California Gears Up for Trump Battle on Car-Emissions Mandates

(Bloomberg) -- California is prepared to fight back if the Trump administration tries to take away its right to stay tough on emissions, according to the state’s top clean-air regulator.

The state has special authority under the 1970 Clean Air Act to make its own pollution and greenhouse-gas rules. Allies of President Donald Trump have said his administration may decide only the federal government can regulate car emissions and fuel economy, excluding California from such rule-making.

“I think there would be a war with many states lining up with California” if the state’s waiver is revoked, Mary Nichols, chairman of the California Air Resources Board, said Friday at Bloomberg New Energy Finance’s The Future of Mobility Summit in Palo Alto, California.

The Air Resources Board, which is charged with setting emissions mandates for the country’s largest economy, is expected to go head-to-head this year with the White House’s conflicting views on automotive regulations. Although Trump has made no substantive proposal to disconnect federal clean-air targets from the state’s greenhouse gas and zero-emission vehicle rules, he said during the State of the Union that halting government mandates would “get the Motor City revving its engines” again, the latest signal of a potential showdown.

Not Picking Fights

“We are defending our policies, values and way of life,” Nichols said on the sidelines of the event, “but we are not looking to aggressively pick fights with this administration.”

The Trump administration will reveal its plans soon. The National Highway Traffic Safety Administration will propose new federal fuel economy standards for cars and light trucks by March 30, while the U.S. Environmental Protection Agency plans to decide by April 1 whether tailpipe emissions standards for model years 2022 through 2025 should be revised.

California Gears Up for Trump Battle on Car-Emissions Rules

The U.S. rules are today aligned with California’s as part of a deal struck by Obama regulators to raise the average fuel economy of new cars and light trucks to more than 50 miles per gallon by 2025. That translates to roughly 36 miles per gallon in real-world driving.

But if Trump softens the federal rules, California will have to decide whether to keep its stricter regulations unchanged. Doing so would force auto manufacturers to deal with a patchwork of regulation. Bill Wehrum, the assistant administrator of the EPA’s Office of Air and Radiation, said the Trump administration is working closely with California to avoid that.

Nichols said she hasn’t yet seen anything concrete from the Trump administration about its plans. She added that she’s “not yet ready to release our battle plan” for if the federal government does try to revoke California’s special authority.

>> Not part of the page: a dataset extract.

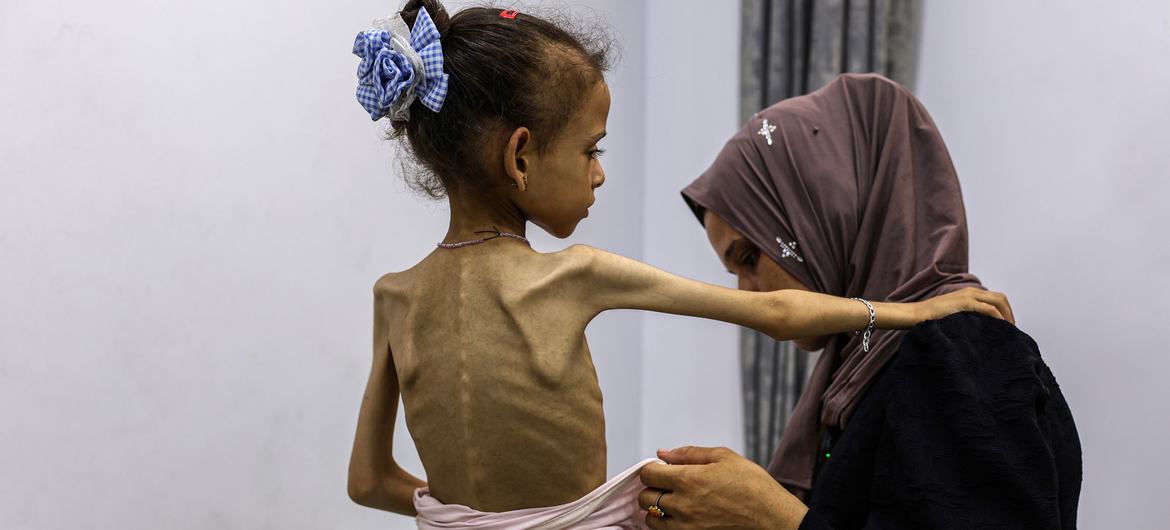 تسجيل 3 وفيات جديدة بغزة نتيجة سوء التغذية والمجاعة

“The EPA would have to take unprecedented legal action to try to revoke that waiver,” Nichols said in the on-stage interview at BNEF’s summit. “Our best legal judgment is that that can’t be done.”

Bus Mandate

California hasn’t signaled interest in relaxing its strict stance on pollution. In fact, just days before Trump’s State of the Union address, Governor Jerry Brown announced plans to have 5 million zero-emission vehicles on California roads by 2030, up from a planned 1.5 million in 2025. The state has a legislative mandate to cut carbon dioxide emissions to 40 percent below 1990 levels by 2030.

The Air Resources Board will also propose in the second quarter that California transit agencies be required to buy zero-emission buses, Nichols said Friday. Mayors of some of the state’s largest cities wrote a letter to the board earlier this week encouraging incentives and regulatory measures to spur a shift toward electric buses from ones that spew diesel and natural gas emissions.

“California, independent of the Clean Air Act, has some degree of control over the uses of its streets and highways. There are some positive incentives we can put on the table for cleaning up fleets, ports and heavy duty trucks,” Nichols said. “We actually think global warming is an overwhelming environmental problem that we need to be doing something about.”